Closer Than You Think


On Memorial Day as a child, we would always visit the cemetery where my grandfathers and grandmothers were laid to rest. I was young. It was an eerie experience. I had a sister who loved to share Vincent Price's black and white movies with me and I now realize that this sharing may have been the dark backdrop that shrouded all of my visits to cemeteries in my youth. Cemeteries were tense and terrifying to me.


While weeding my grandparent’s overgrown stones, my mother would ask the much younger me to go fetch water for her to complete her small bouquets of the traditional Memorial Day pink peonies in glass jelly jars. I was terrified to walk through that graveyard, surrounded by death and despair. But, I reluctantly obeyed. Wandering uphill through death stone after death stone in the graveyard, I would lose sight of my mom. "Mommy!!!" I would cry. I paused to listen. "I'm right over here," her calm voice replied, sounding humored. This gave me just enough strength to carry on.
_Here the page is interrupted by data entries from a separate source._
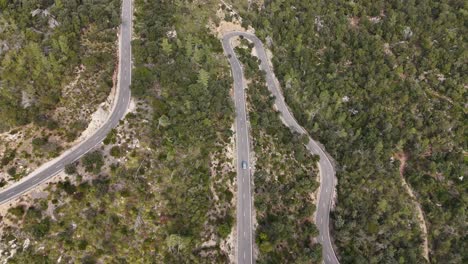 Top-shot-of-driving-car-on-the-road-in-the-Esporles-valley-on-the-island-village-of-Mallorca-in-the-Serra-de-Tramuntana,-Spain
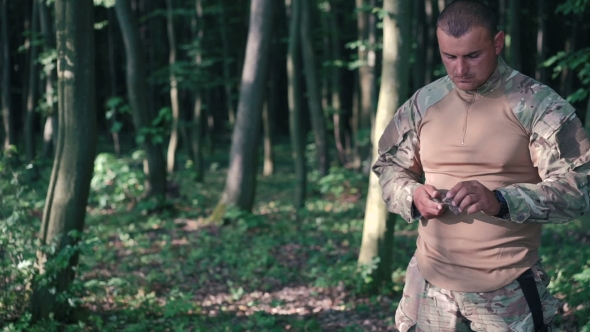 Military Sharpen Knife With Bilestone In The Forest. 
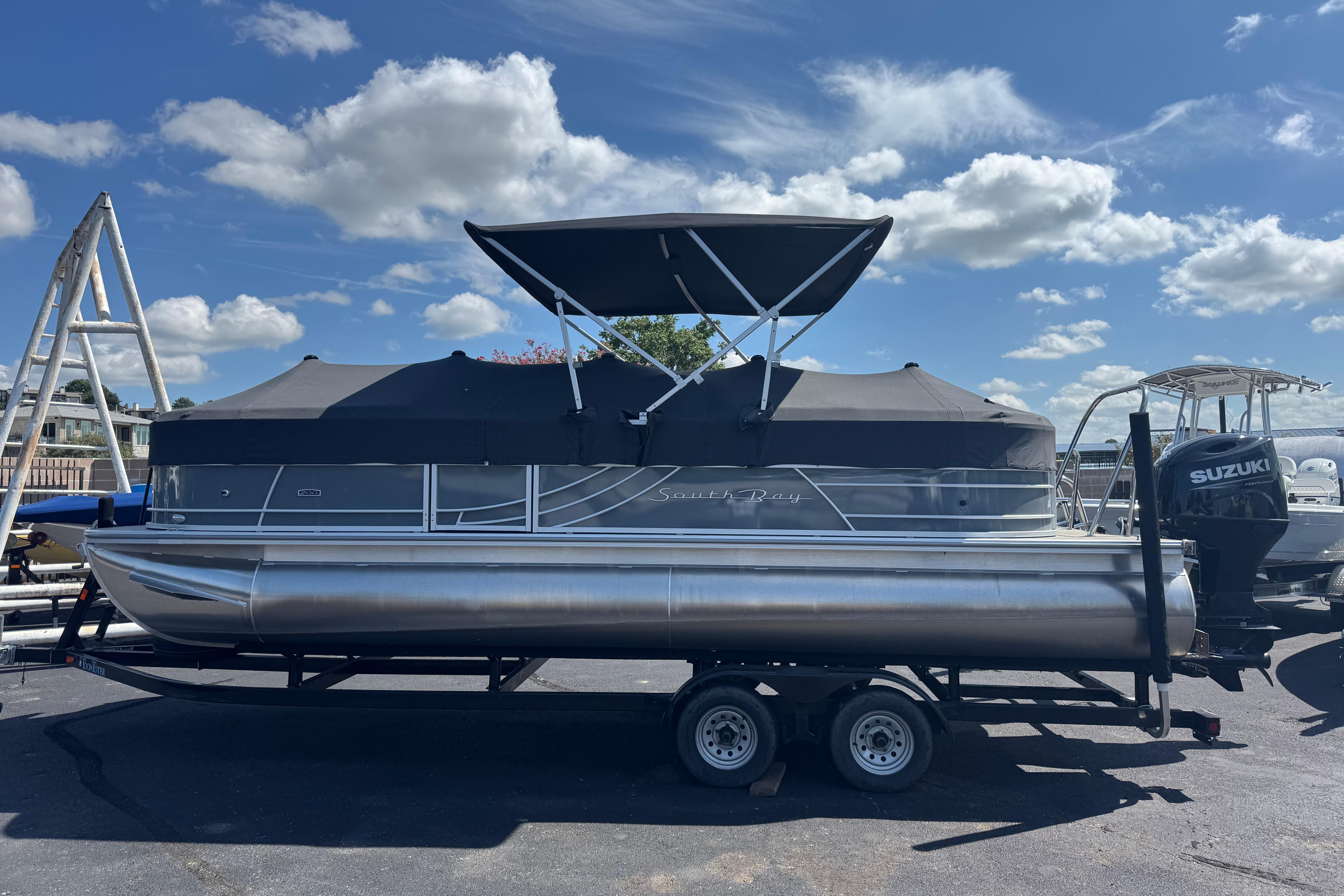 South Bay 224 RS 2.75 2024 South Bay 224 RS 2.75 pontoon boat with Suzuki engine on trailer.
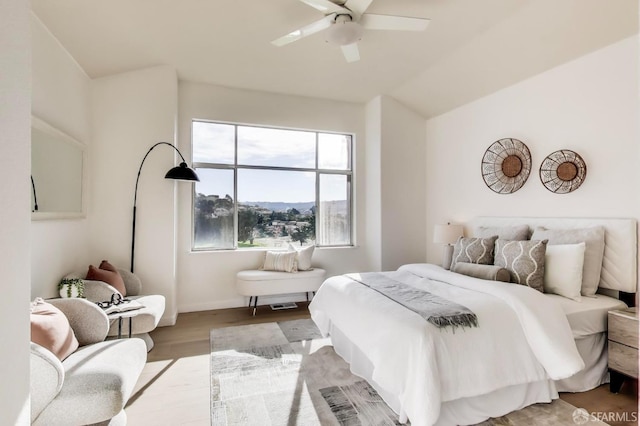 bedroom with lofted ceiling, light hardwood / wood-style floors, and ceiling fan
Some of the plots had fresh dirt, which I would quietly tip toe around. According to those old movies, that kind of soil held the tremendous possibility of producing pale, gnarled, emerging hands to grab ankles. These thoughts accelerated my steps through the yard. I felt that I had to wander on alone in terror for what seemed like miles to find the pump station. Arriving, I would immediately blast the water into my bucket, as grave heaviness crept in all around me. Then, running scared with uneven steps back to the sound of my mom’s voice, the brimmingly-full container sloshed all over Yoder and Miller and Kaughman as I sped past their monuments. I usually arrived at my mother's side with only a half bucket of the precious cargo.


This past Memorial Day, I went again to those honor stones of my family; my great-grandparents, grandparents, father, and most recently my Vincent Price-loving sister, for whom I brought a pot of daisies. I found myself needing water this time which made me smile. I glanced up from her space that was nearby my grandparent’s stone and I easily spotted the spigot. That terrible, rusted spigot. The very same spigot that I had dreaded as a child.


Somehow now with a more mature perspective, it amazed me how CLOSE the water had actually been to our family plot where my mom had stood. Years before I had been so focused on the darkness, the dreadful, and the doom, I failed to realize just how near I was to my mom. I had never really been out of her care and always been just within safety’s reach.


Because a loving voice was guiding me back, the return was always SOOO much better. Her reassuring voice took my focus off of the overwhelm and placed it on a guiding love. What a lesson for my heart; listening for God’s voice in my life, His leading, and realizing that He is so much closer than we think, even though we cannot see Him.


Our path with our special kids can be scary and the journey seems long. It is so easy to lose sight of where we actually are in all of the uncertainty and the unforseen. In Jesus, we are not alone in our navigation and we are never out of His care. If we but call out to Him and pause to listen for his voice, He will lead our way.


And He's closer than we think.


“I love the Lord because he hears my voice and my prayer for mercy. Because he bends down to listen, I will pray as long as I have breath! Death wrapped its ropes around me; the terrors of the grave overtook me. I saw only trouble and sorrow. then I called on the name of the Lord: “Please, Lord, save me!” How kind the Lord is! How good he is! So merciful, this God of ours! The Lord protects those of childlike faith; I was facing death, and he saved me. Let my soul be at rest again, for the Lord has been good to me.”